Bank of Ireland working on plan to avoid paying State €455m fee
Fee payable next spring unless bank raises €1.8bn to pay back State preference shares
Bank of Ireland’s Andrew Keating and Richie Boucher at the launch of BoI’s interim results yesterday. Photograph: Alan Betson
Bank of Ireland (BOI) is working on a strategy to avoid accruing an additional €445 million “step-up” payment to the Government, if it fails to pay back the State’s €1.78 billion holding of high-interest preference shares by next spring.
The issue is seen as a top priority within the bank, which yesterday reported its results for the first half of the year. One possibility being discussed in political circles is that the bank could tap its existing shareholders, such as Wilbur Ross, for cash to pay off the State’s preference shares before the March 31st deadline.
The Government took out the preference shares in 2009 and they pay a coupon of 10.25 per cent, or currently about €182 million annually. Under the terms of their issuance, if the preference shares are not paid back by March 31st next year an additional 25 per cent “step-up” liability is attached to the total sum owed.
“We are working on a range of options [in relation to the preference shares],” said Richie Boucher, the bank’s chief executive. He told a media briefing yesterday it was management’s preference to pay off the shares as soon as possible.
“It is psychologically important to our sense of self worth to repay the State. We like to pay our debts,” he said.
BOI is also barred from making dividend payments until the end of 2015, as long as the preference shares remain unredeemed. Andrew Keating, the bank’s chief financial officer, said the payment of dividends is “a factor” in its thinking as it formulates a preference share strategy.
The bank yesterday struck an upbeat tone as it delivered its interim results, which saw losses narrow from €1.26 billion a year ago to €504 million. BOI said it is moving “closer to profitability” and asserted that its four-year crisis had come to an end and it is nearing “normality”.
Its income over the first six months of the year rose 36 per cent to almost €1.2 billion. The bank’s net interest margin, a measurement of the profitability of its lending closely watched by investors, jumped from 1.3 per cent to 1.65 per cent.
Profits before making provisions for loan losses rose to €380 million, while the bank made a net loss after provisioning for the half-year period of €455 million, narrowing from €1.1 billion a year ago. The rate of growth in mortgage arrears is also showing signs of slowing down, although the figures are still rising.

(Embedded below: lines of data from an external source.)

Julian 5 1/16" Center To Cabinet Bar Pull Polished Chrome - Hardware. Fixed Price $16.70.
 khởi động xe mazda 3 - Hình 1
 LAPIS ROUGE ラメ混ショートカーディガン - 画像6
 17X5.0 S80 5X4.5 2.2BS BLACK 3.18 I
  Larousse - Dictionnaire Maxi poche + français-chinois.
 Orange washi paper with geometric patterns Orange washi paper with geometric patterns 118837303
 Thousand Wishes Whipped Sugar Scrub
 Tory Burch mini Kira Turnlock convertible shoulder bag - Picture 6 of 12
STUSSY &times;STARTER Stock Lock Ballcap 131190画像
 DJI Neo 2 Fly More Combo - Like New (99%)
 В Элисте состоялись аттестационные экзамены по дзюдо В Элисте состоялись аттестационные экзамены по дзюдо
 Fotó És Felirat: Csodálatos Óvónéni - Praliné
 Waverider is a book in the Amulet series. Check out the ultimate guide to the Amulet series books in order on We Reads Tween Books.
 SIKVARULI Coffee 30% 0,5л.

About 10.5 per cent of owner-occupier loans are in arrears of 90 days or more, while 26 per cent of buy-to-lets are in similar difficulty.
Mr Boucher said the bank was being “selective about returning to commercial property lending. “We have to look at reputational risk, we are cognisant of what people think,” he said.
He said property lending would “always be a component of our business, but it has to be very measured. We have the lessons of the past burned into our hearts and our brains.”
The bank said it has repaid 70 per cent, or €24 billion, of the liquidity funding it has received from the European Central Bank.